Brian Lavelle | Scottish writer & sound artist

Disappear into the vanishing point

It was a day to venture into the grey, away from the news and away from my sadness and incomprehension at what’s happening in the world. Although I’m outside, alone, I’m also in my head, and also alone there. These landscapes—these thin places—exist perhaps only in my inner life and imaginings. I walk to escape, and I write about the walks to extend the escape into something else, a feeling of comfort reified beyond the mere memory of the escape.

All of these places exist, and none of them.

I am here, at Edinburgh Park, with time to kill, or at least sufficient to render it unconscious for a brief spell.

And so I walked for an hour or so, walking to nowhere, skirting the outskirts. I’d never explored here before; there was no need. This place leads nowhere and comes from nothing. It’s a business park and I have no business with it.

But in fact, as I soon discovered, I’d entered into a landscape of subtle, if awkward, poetry in the company of the poets themselves.


It seems a simple mechanism, although perhaps not everyone is so fortunate: one foot in front of the other foot. No destination, no expectation. Intuition as a guide. I’m more and more thankful for this kind of walking, for the desire and the need to walk, for the places and the spaces, both real and unreal, in which I can walk.

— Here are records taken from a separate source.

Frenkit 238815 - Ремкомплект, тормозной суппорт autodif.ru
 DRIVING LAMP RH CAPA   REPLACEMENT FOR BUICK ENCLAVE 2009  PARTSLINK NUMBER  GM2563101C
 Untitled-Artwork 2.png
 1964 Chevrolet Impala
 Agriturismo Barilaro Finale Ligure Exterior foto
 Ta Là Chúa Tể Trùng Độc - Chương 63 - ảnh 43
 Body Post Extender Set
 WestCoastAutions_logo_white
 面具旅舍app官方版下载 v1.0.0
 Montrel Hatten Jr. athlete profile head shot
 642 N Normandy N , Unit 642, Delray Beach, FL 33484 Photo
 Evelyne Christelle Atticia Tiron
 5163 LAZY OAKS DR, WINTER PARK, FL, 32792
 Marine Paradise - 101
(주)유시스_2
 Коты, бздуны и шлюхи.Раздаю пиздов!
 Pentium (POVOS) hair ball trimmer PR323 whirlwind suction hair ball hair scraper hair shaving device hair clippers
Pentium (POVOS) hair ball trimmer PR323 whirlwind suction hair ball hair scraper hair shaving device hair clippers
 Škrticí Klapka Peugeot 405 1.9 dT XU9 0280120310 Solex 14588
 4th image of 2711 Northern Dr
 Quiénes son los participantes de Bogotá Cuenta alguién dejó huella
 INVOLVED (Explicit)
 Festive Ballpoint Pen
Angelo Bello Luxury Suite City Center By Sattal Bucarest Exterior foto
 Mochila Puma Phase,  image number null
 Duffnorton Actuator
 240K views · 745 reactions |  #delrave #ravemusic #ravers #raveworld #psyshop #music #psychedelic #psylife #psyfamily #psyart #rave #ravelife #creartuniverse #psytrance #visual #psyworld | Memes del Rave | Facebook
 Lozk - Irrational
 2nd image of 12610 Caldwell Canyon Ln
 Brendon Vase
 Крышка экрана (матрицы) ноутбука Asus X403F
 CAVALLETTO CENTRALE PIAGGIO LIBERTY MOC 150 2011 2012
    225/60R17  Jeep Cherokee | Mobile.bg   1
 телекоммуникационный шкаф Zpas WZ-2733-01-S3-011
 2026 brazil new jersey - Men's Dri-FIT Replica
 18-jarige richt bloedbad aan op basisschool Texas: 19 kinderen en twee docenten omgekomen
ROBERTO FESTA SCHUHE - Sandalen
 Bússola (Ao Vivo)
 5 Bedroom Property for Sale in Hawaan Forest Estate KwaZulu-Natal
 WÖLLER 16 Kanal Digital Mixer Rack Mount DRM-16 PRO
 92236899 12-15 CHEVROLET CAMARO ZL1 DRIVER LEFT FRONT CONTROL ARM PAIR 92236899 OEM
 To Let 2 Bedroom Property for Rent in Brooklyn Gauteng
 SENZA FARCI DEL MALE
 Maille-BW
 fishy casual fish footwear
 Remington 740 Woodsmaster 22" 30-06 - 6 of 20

The skies slid a little as I wandered, from a colour the taste of ashes to a fuller, duller slate. Brooding skies. Did they move because I walked? As in many transformative tales, I reached a crossroads, of sorts. I crossed over, looked right, looked left. Only a vivid emptiness toward the tramlines’ vanishing point.

Blocks of buildings, empty offices, a tram with no passengers. It’s a supremely functional landscape, although it’s not functioning today.

But then I’m surprised to find a man-made loch in the middle of this deserted business park, a mirror in and of the silence at large here. More of an ornamental lochan, Loch Ross is quiet, its waters still and dark on this gloomy Saturday. If the Monday to Friday working week is the daytime of this place, perhaps the weekend is its nightscape. This all does feel a little dreamlike, but it’s probably just because I didn’t expect it, didn’t anticipate the strange juxtaposition of what is to come next.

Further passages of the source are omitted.